Daisy Elliott and Violet Ward at the Berkeley Ladies Athletic Club (1893) /Courtesy: Collection of Historic Richmond Town
Artist Pamela Bannos has been teaching photography in Northwestern University’s art department for thirty years.
When a local news station called the university in search of a comment on the work of photographer Vivian Maier, whose posthumous debut exhibition at the Chicago Cultural Center created a sensation, Bannos was tapped as an expert. She took a deep dive into Maier’s life that lasted five years, resulting in the book “Vivian Maier: A Photographer’s Life and Afterlife” (University of Chicago Press, 2017). The biography expands the captivating, yet reductive premise of Maier as the North Shore nanny who went out with her camera during her free time, to Maier as a serious photographer.
Most recently, Bannos produced a ten-episode podcast “My Dear Alice,” based on letters sent to the Victorian photographer Alice Austen (1866–1952). The production was supported by the Alice Austen House on Staten Island. Austen photographed life on Staten Island and lower Manhattan for decades, carrying heavy camera equipment around on her bicycle. The waterfront house she grew up in, called Clear Comfort, had been in the family since 1844 and her life was a comfortable one.

Alice Austen portrait, 1888/Courtesy: Collection of Historic Richmond Town
By 1945, with all the family money long gone, an elderly Austen was forced to leave Clear Comfort. She sold all her possessions and moved into a poorhouse. The local historical society gathered as much photographic material as possible, mostly glass-plate negatives, during the chaotic and hasty sale of the house.
“There are interesting parallels between her and Vivian Maier,” says Bannos of her two subjects. Both photographers left behind scattered treasure troves, competing collectors, and fascinating life stories with scholars vying to claim their identities. Also, says Bannos, “they were both hoarders.” For historians, this is gold.
The music on the podcast, composed by Nicolas Rosa-Palermo, for example, was informed by the music Bannos saw listed on Alice Austen’s dance cards. “My favorite were his two versions of the Santiago Waltz,” she says.

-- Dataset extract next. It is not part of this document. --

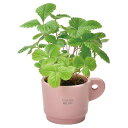 聖新陶芸 GD-96903 カラーミーアップマグ ワイルドストロベリー 景品 植物栽培セット 母の日 父の日 ギフト 学習教材 プレゼント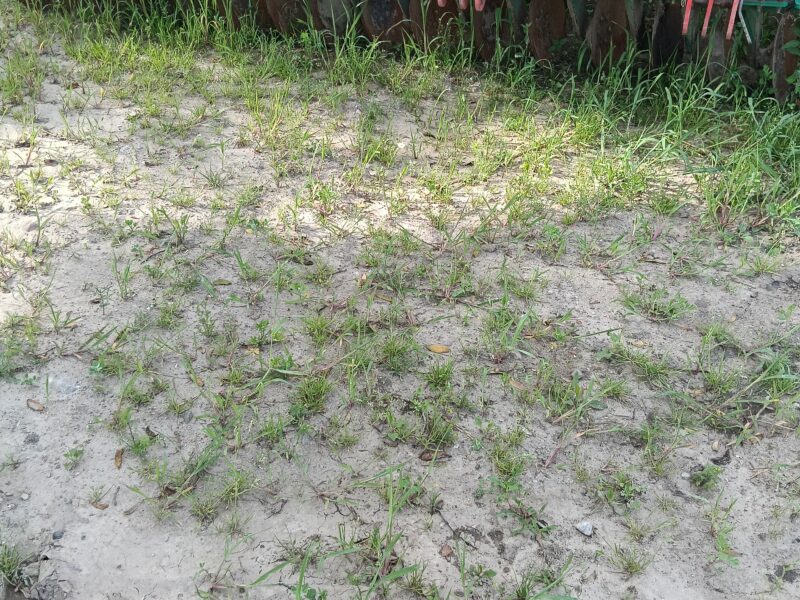 Brona talerzowa AGRO MASZ 6 m. zawieszana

Alice and Trude masked, 1891/Courtesy: Collection of Historic Richmond Town
Alice lived with Gertrude Tate for the last thirty years of her life. Neither family supported the relationship. “The story of Alice Austen is a fascinating look at queer history,” says Bannos.

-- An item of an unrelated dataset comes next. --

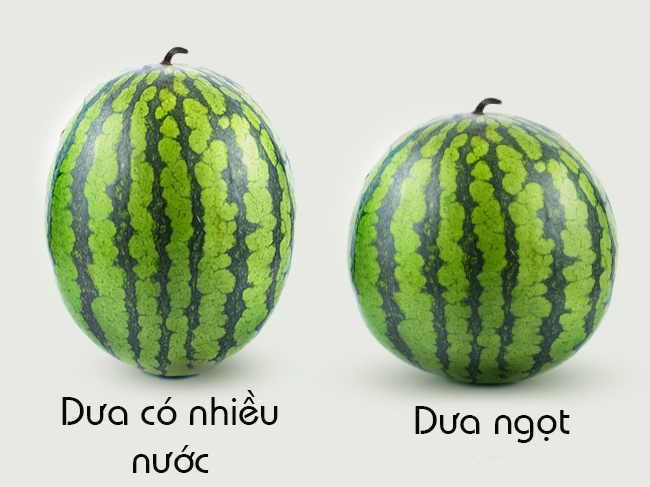 dinhduonghoc.com - cach chon dua hau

For Bannos, research has been part of her artistic process, and archives have often provided the source material for her work. In past projects she combined her own work with interpretations of found images. One project from 2008, “Hidden Truths: The Chicago City Cemetery and Lincoln Park,” included installing six historical markers that outline the transformation of that landscape over time. “I have not made a photograph in ten years,” says Bannos. “My practice has veered. I still teach photography and I am deeply immersed in it, but I am doing it in different ways.”

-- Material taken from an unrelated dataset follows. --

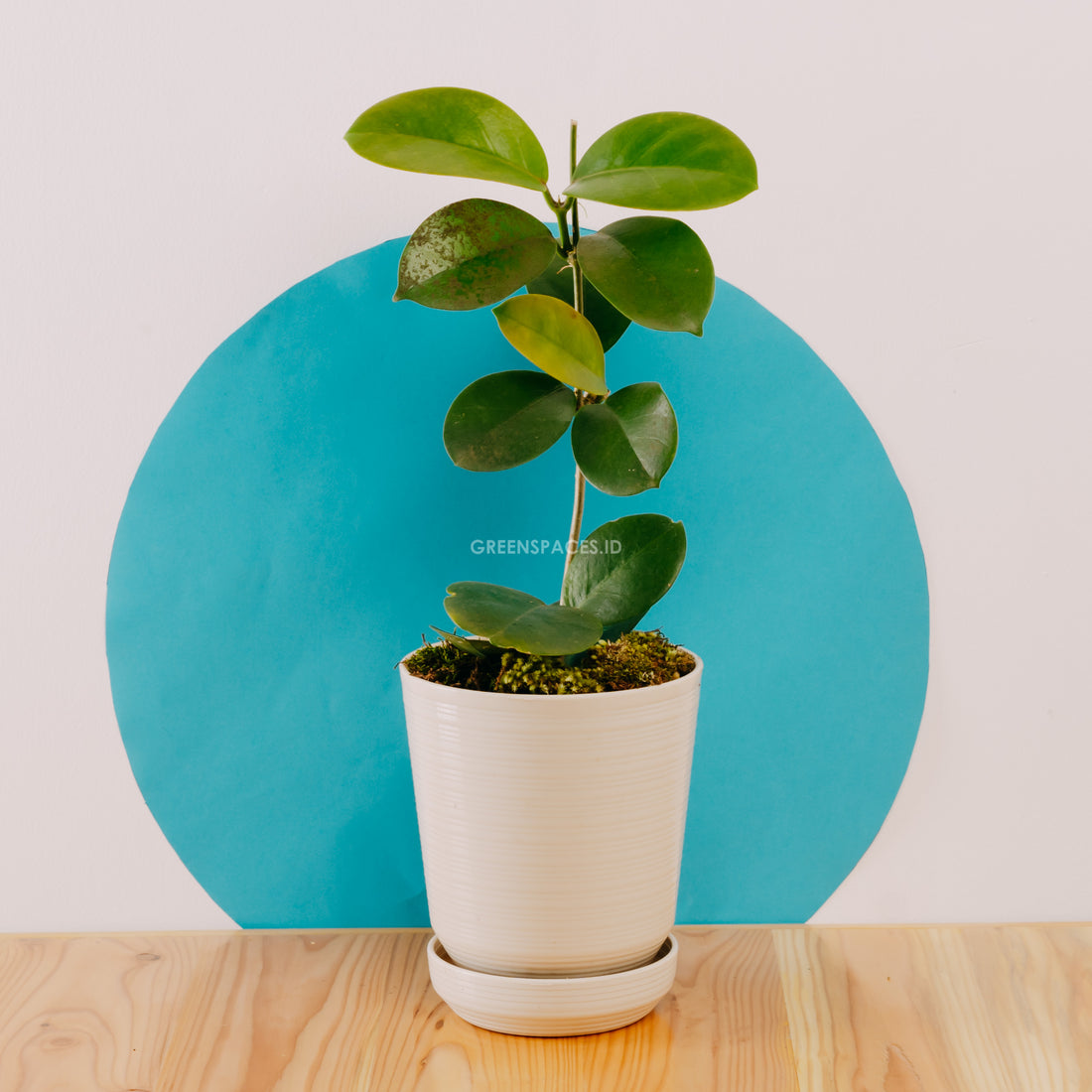 Hoya Australis - Greenspaces.id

After Alice was evicted from Clear Comfort, a family moved in and lived there for twenty years. In 1975, Clear Comfort was purchased by the city of New York. The house had fallen into disrepair, but it was restored and opened as a museum to the public in 1985. Items belonging to Alice were returned to the house by members of the community, including four boxes of letters.

Pamela Bannos
Bannos built “My Dear Alice” around letters that begin in 1883. “I started transcribing the letters during lockdown,” says Bannos. Working with scans, Bannos used her Photoshop skills to enhance some of the more densely packed letters to make them easier to read. As she put the letters in order, a story emerged and the personalities of the correspondents became more distinct. There was Alice’s mother, friends, and a suitor who comes across as so pathetic and needy one can imagine Alice getting annoyed and blowing him off.
“There are also big gaps,” says Bannos, noting that in the boxes of letters were many empty envelopes and pages that were drawn on with crayon (the children of the family who moved in after Alice departed played “post office” with the letters they had found in a closet). “It all comes to a halt in 1898,” says Bannos of the letters.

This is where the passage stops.